Opposition to state rule that diminishes Pinal farmland value to be made formal Monday

Photo by David McNew/Getty Images
Photo by David McNew/Getty Images

By Melissa St. Aude | Casa Grande Dispatch

The Casa Grande City Council on Monday will consider taking a stand regarding a controversial Arizona Department of Water Resources rule modification that systematically would strip farmers of water credits for future development.

The meeting begins at 7 p.m. in the council chambers at City Hall, 510 E. Florence Blvd.

Before the council Monday will be a resolution that, if passed, would add the city’s voice to those urging repeal of the rule.

For months, the group Farmers Against State Takings (FAST) — a coalition of farmers, residents and agricultural advocates — has been rallying support from legislative representatives and community members in an effort to get the rule repealed.

The rule is aimed at protecting limited groundwater supplies in Pinal County and preventing over-pumping, but FAST members believe it would devalue area farmland.
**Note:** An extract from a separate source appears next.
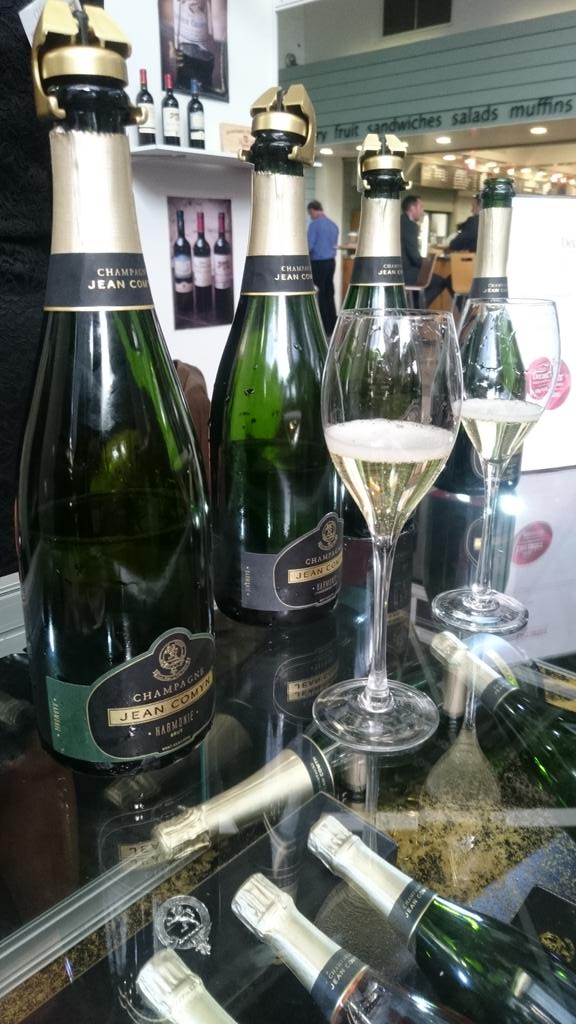 GlassOfBubbly's tweet photo. Tasting #JeanComyn @londonwinefair 2015: http://t.co/ybZlP3aCNF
“However well-meaning the plan was intended it was ill conceived and based on faulty premises,” the resolution before the council reads.

Extinguishment credits — also known as groundwater credits — may be sold by farmers in full or in part when farmland is retired and used by buyers, usually developers, within the same water management area.

Under the ADWR rule modification, those credits will begin a systematic decline of 6 percent annually beginning in January. Extinguishment credit allocation factors reach zero in 2054. At that point, farmland will be valued at prices comparable to desert land with no extinguishment credits.

Critics of the plan believe that as the groundwater credits begin to decline, some farmers will sell land quickly before allocation factors fall too far and the land becomes further devalued.

“The Pinal agricultural economy may be seriously jeopardized well in advance of any development if farmers must decide whether to retire their grandfathered agricultural water rights and get out early with full conversion credits or to continue farming and see their conversion credits and the credits’ associated value disappear to zero,” the council resolution reads.

Critics of the plan also believe the state is unfairly taking something of value from farmers.

“The reduction of farmland equity without compensation and a rule reduc- ing the amount of extinguishment credits that forces both farmers and investors to make decisions now that they would otherwise not want or need to make until a more appropriate time is onerous and may be harmful to the economy of the area,” the resolution reads.

Disclosure: Rose Law Group represents FAST.